Police and crime commissioner elections: Thames Valley

Thames Valley Police car Thames Valley Police is the largest non-metropolitan force in England

On 15 November, 37 police and crime commissioners will be elected in England, along with four in Wales.

The PCCs, as they will be known, will be tasked with scrutinising their force and holding it to account. They will also be able to hire and dismiss the chief constable and set the force's budget.

The commissioners will be paid and are supposed to empower local people into having a say on how crime is tackled in their area.

Nominations for candidates in the Thames Valley have now officially closed.

BBC News has taken a look at each of the police forces ahead of the elections.

Thames Valley Police


The dilemma for candidates standing in the police and crime commissioner elections in the Thames Valley is finding a policy that will win the most votes.

By its very nature this police force area is socially and geographically diverse.

So far the candidates for the Thames Valley role are majoring on their personal involvement with the police as victim, villain and scrutiniser.

Thus, bringing down violent crime, catching burglars and putting more bobbies on the beat would be popular but there's so much more to the job that's less "get tough" but necessary.

Thames Valley has made commendable progress in cutting its spending and tackling detection rates in places like Slough and Reading.

But stretched resources have also meant the introduction of a new non-emergency number, offering a somewhat less personal friendly-face-behind-the-counter at your local police station when you want to report a theft or present documents for inspection.

Ultimately an accessible police force with visible crime-fighting results is what everyone wants - the challenge for the new PCC will be to ensure it can be delivered.

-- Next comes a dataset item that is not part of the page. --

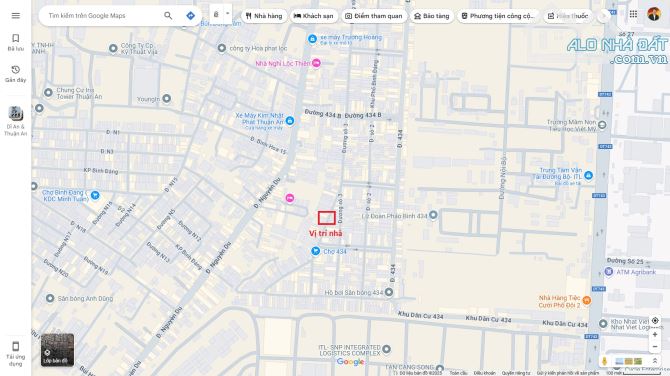 Bán nhà cấp 4 (5x30m), mặt tiền chợ KDC 434 p. Bình Hòa, thu 14tr/th - 2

Thames Valley Police (TVP) is the largest non-metropolitan force in England.

It covers Oxfordshire, Berkshire and Buckinghamshire. The three counties are divided into 15 Local Police Areas (LPAs) and led by a commander who is responsible for performance and service at a local level.

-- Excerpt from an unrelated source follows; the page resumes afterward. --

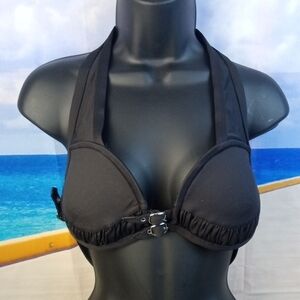 🌼 Shape FX Black Halter Bikini Swim Top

The force serves a population of almost 2.3 million.

One of the main priorities for TVP is reducing incidents of serious violence.

In 2010/11, violence against a person fell by more than 3,000 offences across the area.

The force credits this reduction partly to its focus on early intervention, where officers deal with public order offences before they can escalate into something more serious. As a result there has been an increase in the number of public order offences.

Thames Valley Police also names tackling anti-social behaviour as a priority. It works with local authorities and agencies as part of a Community Safety Partnership (CSP).

According to TVP, anti-social behaviour incidents were reduced by 19% in 2010/11 compared with the year before.


The budget for Thames Valley Police in 2012/2013 is £371m, compared to £383m the previous financial year.

Timetable for PCC elections

  • There are 41 police and crime commissioner elections taking place - 37 in police force areas in England and four in Wales
  • No elections will take place in Scotland, Northern Ireland or London
  • Nominations for candidates will close on 19 October
  • Voting takes place on 15 November
  • PCCs will be elected every four years

In 2013/2014 the force is looking for a budget of £380.366m, depending on whether there will be a 2% increase in council tax.

The overall reduction in government funding for the Thames Valley in the period covering the financial years 2010/2011 to 2014/2015 is £31.7m, or 11.5%.

This financial year the force is looking to save 17.8m, which will include staff cuts. In 2013/2014 the force aims to save £11.6m.

But the force said its "productivity strategy has ensured that there will be no cuts in the number of officers on patrol or in neighbourhood policing teams".

Crime and performance

According to police figures, crime in general fell by 7% during 2010/11, or 12,900 fewer victims of crime compared with the year before.

The force also reported "significant reductions in the number of burglary, robbery, vehicle crime, violence and serious sexual offences".

In 2010/11 there were 5,400 fewer of these offences and the number of offenders being charged with these offences increased.

For example, reports of serious sexual offences reduced from 1,618 in 2009/2010 to 1,528 in 2010/2011 - a 5.6% fall.

TVP's detection rate (which covers charges, cautions, penalty notices) for serious sexual offences increased from 377 to 417 in the same period, achieving the force's 27% target.

TVP said Project Morse was launched in 2010 to try to increase the amount of offenders being charged with serious crimes. The project looked at each part of the investigation process from looking for more forensic opportunities to how offenders are interviewed in custody.